In fact, it was this thickness that led me to believe that the water was just a continuation of the pavement. The event, it turned out, was particularly amusing for Ravid, the coronavirus-immune Tzvi, and the absent-minded Yoram, who had just gone up the bridge at that moment when they heard my splash, despite being far away from me.

Upon hearing this noise, they turned their heads and all they saw was a takeaway coffee cup floating in the water, all by itself, without any signs of life of the man who had just held it a moment earlier. The same man who had ridiculed them for taking an unnecessary detour….

After emerging from the water, we sat on the dam in the center of the canal. I was a great sport in accepting the banter on my expense and looked with envy at those near me with dry clothes and hot coffee.

"This is the craziest period I have ever experienced," Tzvi tried to console me. "You can't concentrate, you don't know what will happen next week. You were probably looking at your phone," he continued. I immediately clarified that my phone was in my pocket and then blurted out a swearword. I then immediately realized: Forget about the coffee, what about my iPhone that had been killed in action? 

"You are not focused because you are flying to Israel on Friday," Yoram said, and I immediately concurred. Even in normal times, in the runup to a flight to Israel, I feel bifurcated between the two countries, not really present in either.

This is all the more true during these days when there is no way of knowing what the airports will look like and what we should expect in terms of isolation and flights. Ravid and I walk in the parks in London as criminals who had been sentenced to death and are unwilling to separate from the sweet freedom that we had taken for granted.

"Maybe this fall is symbolic," I muttered.

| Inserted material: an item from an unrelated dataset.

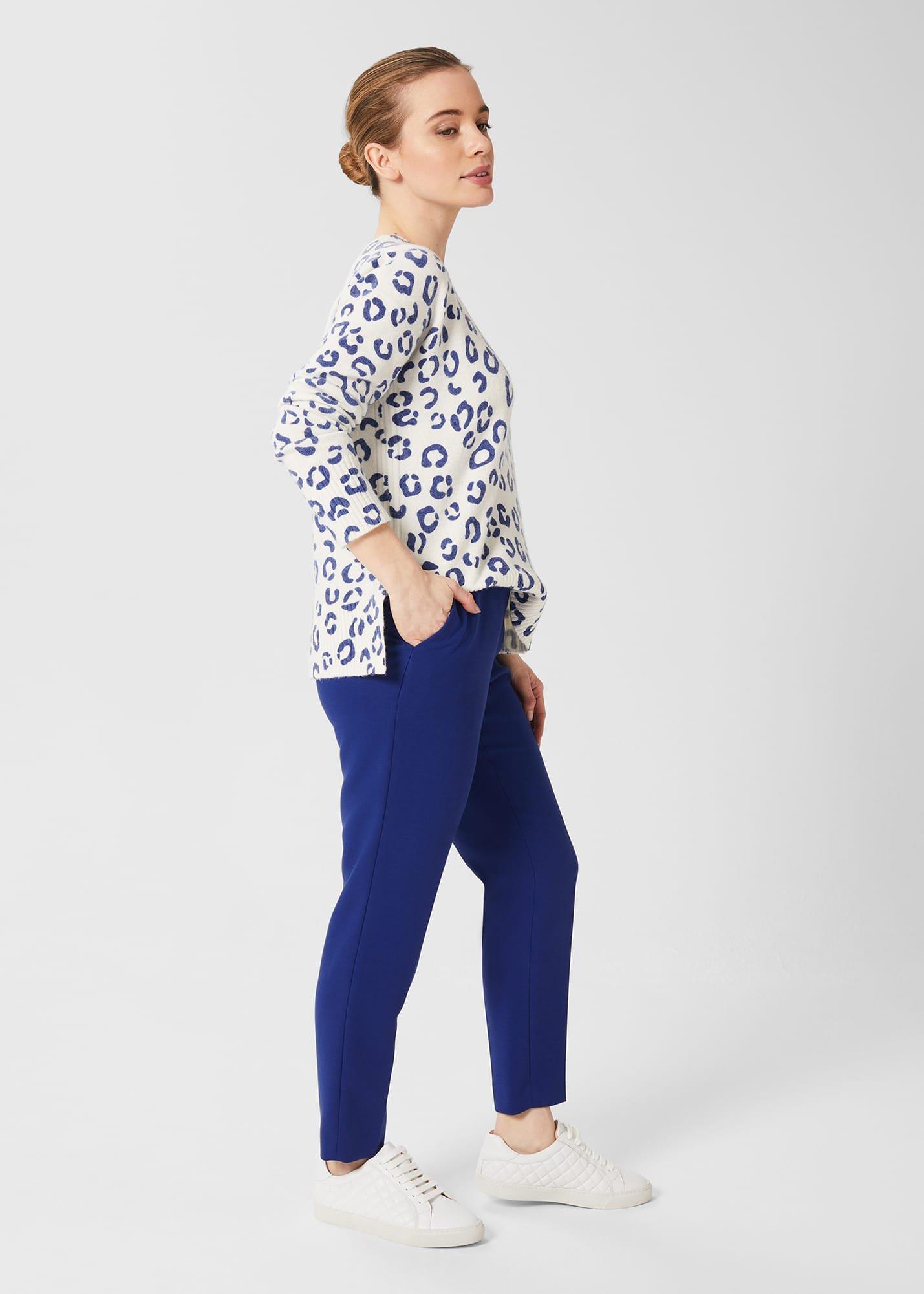 Petite Suki Slim Trousers, Cobalt Blue, hi-res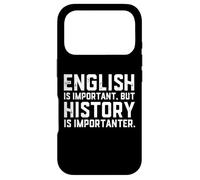 Carcasa para iPhone 17 Pro El inglés es Importante Pero la Historia es Importante Historiador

"The distorted return to normalcy, walking forward in anticipation of finding a solid footing only to discover that we have been sinking in the filthy water in the ditch. This is like that week we went to SOHO to see how the stores reopen but rather than find the lost routine, we discovered that Oxford Street is empty, that the stores won't let you try clothes on and that the coffee shops won't let you use the bathroom, so I eventually took a leak behind some bush in a park," I said. 

To which Ravid replied: "This is an interesting take, but as someone who keeps forgetting where he has left his keys and has lost two Kindles and a passport over the past two years, perhaps you have now set a new record in absent-mindedness."

I looked at Ravid with a frown, and he kicked me, smiling. The sun began to rise in the sky and the clothes began to dry in the warm breeze. Tzvi and Yoram said they had to go to work, and Ravid extended me his hand and we went to buy face masks. Their texture feels good, so there is a good chance that we won't suffocate from them on our flight.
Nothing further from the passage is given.